On remand from the Oregon Supreme Court, State v. Martina, 345 Or 316, 195 P3d 63 (2008). Lane County Circuit Court.
Cynthia D. Carlson, Judge.
Andrew Chilton and Chilton Galli, LLC, for appellant.
Hardy Myers, Attorney General, Mary H. Williams, Solicitor General, and Tiffany Keast, Assistant Attorney General for respondent.
Before Landau, Presiding Judge, and Brewer, Chief Judge, and Haselton, Judge.
BREWER, C. J.
Affirmed.
This case is before us on remand from the Supreme Court, which vacated our prior decision, State v. Martina, 201 Or App 719, 120 P3d 495 (2005) ( Martina I), in light of State v. Ramirez, 343 Or 505, 173 P3d 817 (2007), adh'd to as modified on recons, 344 Or 195, 179 P3d 673 (2008), and State v. Fults, 343 Or 515, 173 P3d 822 (2007). State v. Martina, 345 Or 316, 195 P3d 63 (2008). In Martina I, we vacated defendant's sentences and remanded for resentencing because the trial court had imposed a departure sentence based on judicial findings. That factfinding constituted plain error, and we exercised our discretion to correct it. The issue before us on remand is whether, in light of Ramirez and Fults, we properly exercised our discretion under Ailes v. Portland Meadows, Inc., 312 Or 376, 381-82, 823 P2d 956 (1991). We conclude that our exercise of discretion in Martina I was erroneous. Accordingly, we affirm.
Defendant was convicted of manslaughter, and the trial court imposed a durational departure sentence of 240 months' imprisonment, 10 years of which was imposed pursuant to ORS 137.700. The court gave the following reasons for its decision to impose a departure sentence:
"The reasons for this are that you have been involved, persistently involved in similar assaultive crimes unrelated to this case.
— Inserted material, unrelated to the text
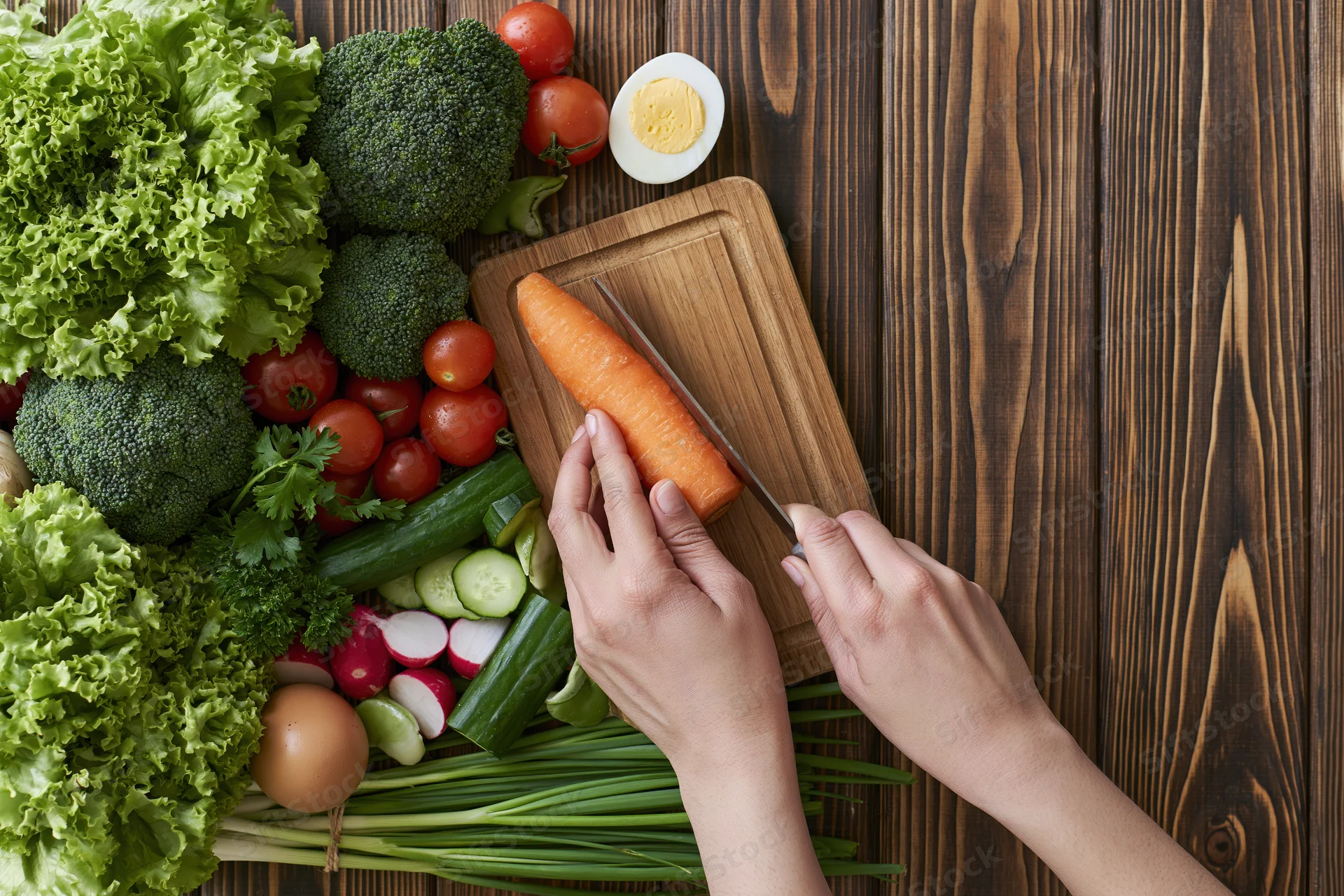 Hands slicing a carrot on a wooden cutting board surrounded by fresh vegetables on a dark wood table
That at the time of this incident you had recently been paroled from an assault sentence, a Measure 11 type sentence in which a knife was involved. Whatever efforts ha[ve] been made in the past for you to rehabilitate yourself or institutions or other agencies to try and rehabilitate you have not been successful. I think you are a significant threat to public safety and that a maximum period of incarceration will provide more public security."
In this case, the trial court did not explicitly state that it was relying on the departure factors it found either singly or in combination, and therefore we assume that the court did not consider each factor to be independently sufficient to support a departure. State v. Wilson, 111 Or App 147, 826 P2d 1010 (1992). Thus, remand for resentencing may be warranted if any one of the factors relied on by the trial court is subject to legitimate debate. See Ramirez, 343 Or at 513 (setting out "legitimate debate" standard for exercise of discretion to review unpreserved challenges to departure sentences based on judicial findings of fact). We conclude that there is no legitimate debate that the jury would have found the first departure factor — defendant's persistent involvement in assault crimes. As we explained in State v. Williams, 225 Or App 325, 328-29, 201 P3d 267 (2009), under State v. Bray, 342 Or 711, 724, 160 P3d 983 (2007), there is no legitimate debate that a jury would have found a defendant to have been persistently involved in similar offenses where the number and frequency of the defendant's prior convictions compel the inference that his or her criminal behavior has been "persistent."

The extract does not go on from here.